Not all Lancaster residents support the transition to totes.
Michael Butera, 52, lives in North Lancaster.
“We have zero critter problems here,” Butera said. “Why does the entire town have to get them without having the choice? They should ask the people if it’s OK.”
The Town Board approved the $34.9 million spending plan for 2019 by a 4-1 vote. Ronald Ruffino, who has expressed his desire to run for town supervisor, was the no vote. He said he feared that spending will eventually outpace revenue streams.
A 2 percent pay raise awaits the supervisor and all four trustees on the Town Board. The salary hike will pay town trustees $19,471, up from $19,352. Coleman will make $76,098 including $5,000 for serving as budget officer.
Various department heads and some clerical staff will also receive a 2 percent boost.
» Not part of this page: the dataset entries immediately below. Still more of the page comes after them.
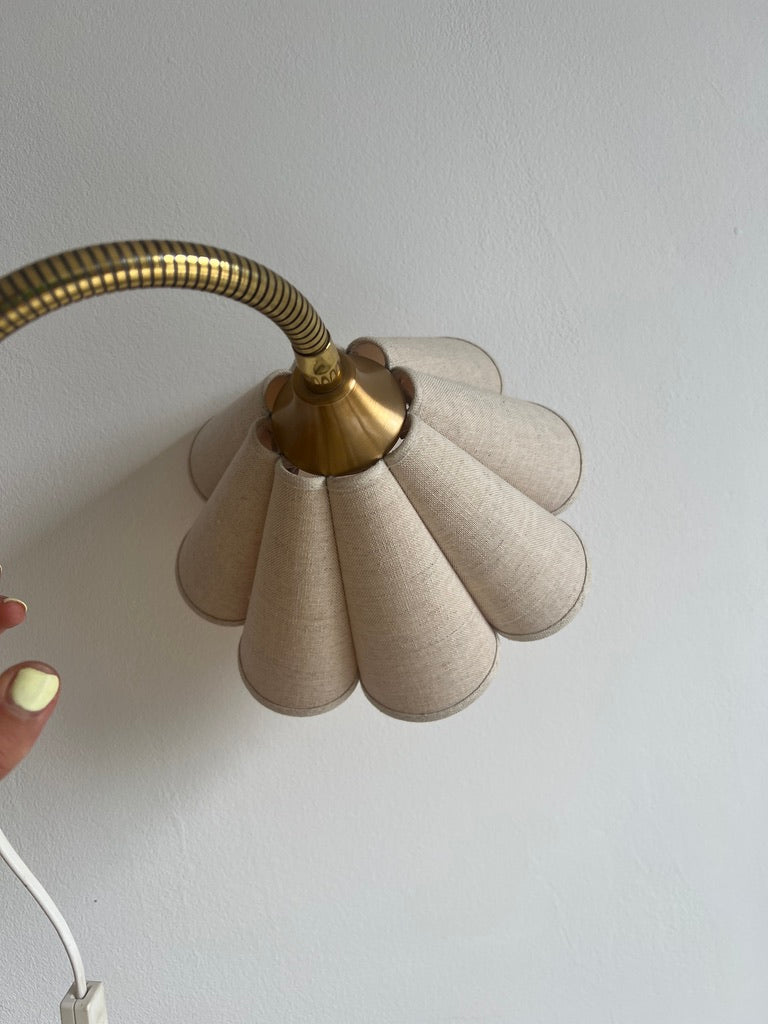 Swedish brass wall light with scallop shade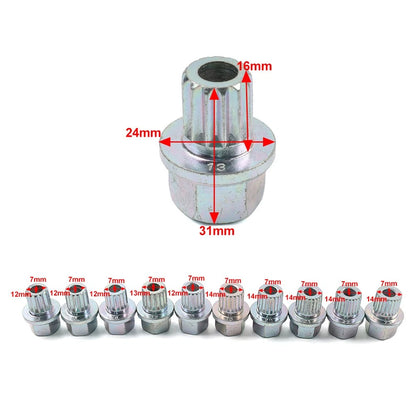 Anti-theft Wheel Bolt Lock Nut Key Adapter For BMW 1 3 5 6 7 Series 19 teeth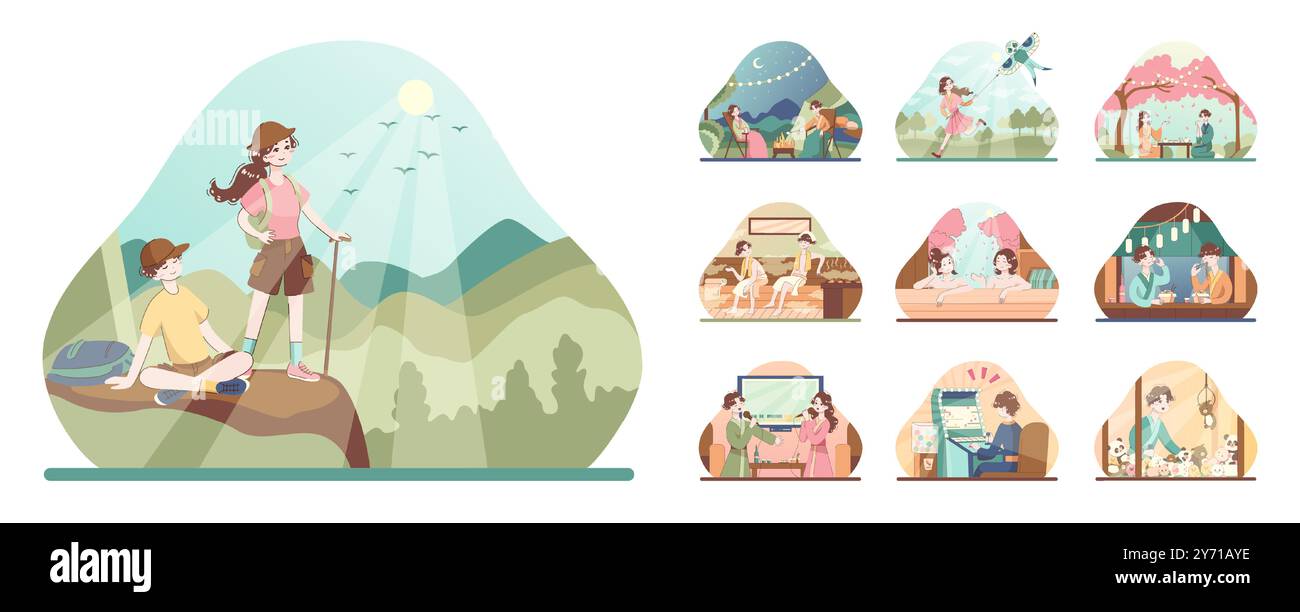 Asiatische Menschen genießen ihre Freizeit. Japanische Charaktere machen traditionelle Freizeitaktivitäten und Hobbys. Sport, Festivalaktivitäten und Onsen. Illustration des flachen Vektors Stock Vektor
Taxpayers are still funding a $10,000 salary increase for Police Chief Gerald Gill provided by a three-year contract that was restructured in 2017. As a result, Gill’s base pay of $114,082 in 2016 climbed steadily — to $116,364 in 2017, and $123,691 in 2018.
Gill will earn a base pay of $126,165 in 2019, according to budget appropriations.
The new budget also appropriated funds for two additional full-time positions: a recreation director at $58,578 and a school resource officer at $62,000, said David J. Brown, Lancaster director of administration and finance.
Two part-time clerical posts were also funded at total cost of $28,000. One of the clerical posts was requested by the Highway Department. The other will work in the town attorney’s office.
The town also plans $11.6 million in improvements to special districts including $1.6 million to the Refuse District, $3 million to the Lighting District and $7 million to the Water District.
The $1.6 million for the refuse district will be used to pay for an estimated 28,000 totes, 14,000 each for recycling and trash, said Coleman. Residents will receive one recycling and one trash tote per address. Additional totes will be available for purchase, but the fee has not yet been determined, said Coleman.
“The bonds will likely be authorized at the next meeting,” said Brown, the finance director. “Of course, the amount we borrow must be budgeted in the future.”